The European Central Bank has spent recent weeks warning eurozone supervisors that Mythos-class tools shift the threat landscape for banks, regardless of who holds them. As ECB’s Frank Elderson told banks earlier this month, if attackers obtain a comparable model, defenders without one will be structurally behind.

The Bundesbank has formally supported Brussels in pressing Anthropic for access, but Anthropic has resisted, arguing that wider distribution could weaponize the model itself. This standoff is the gap Mistral aims to fill. The French firm, already Europe’s best-funded foundation-model company, has pitched a sovereign European alternative since at least mid-May. BNP Paribas’s involvement marks the most concrete sign yet that the European banking sector is willing to commit balance-sheet resources to the project rather than wait for Brussels-Anthropic talks to unblock.

The two companies already have a three-year commercial agreement across Mistral’s broader model lineup, signed in February.

What the Mistral cyber model would actually do remains, based on current public reporting, an answer not independently demonstrated. Mythos is a specific system trained to combine vulnerability discovery with exploit generation in a single workflow. Replicating that capability without access to the red-team data Anthropic has accumulated will not be straightforward.

The pitch to BNP Paribas and other prospective European bank customers is partly that a sovereign model with even somewhat lower capability is preferable to having no model at all on the defensive side. It also serves as a hedge against the possibility that Brussels-Anthropic talks collapse permanently.
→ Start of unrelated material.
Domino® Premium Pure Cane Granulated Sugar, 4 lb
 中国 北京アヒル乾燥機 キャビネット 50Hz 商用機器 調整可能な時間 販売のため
This broader pattern echoes the past year of European tech policy: a U. S. firm builds a frontier capability, restricts access on safety or national-security grounds, and European institutions respond by trying to build a domestic equivalent. The same logic has driven recent European pushes on cloud sovereignty, payments rails, and most loudly, semiconductor manufacturing. Banking cyber-AI is the newest entry on that list, and the BNP Paribas-Mistral pairing is its highest-profile concrete project.

Neither BNP Paribas nor Mistral commented on the specific Bloomberg report. Mythos has not been demonstrated in the wild on a European bank to date.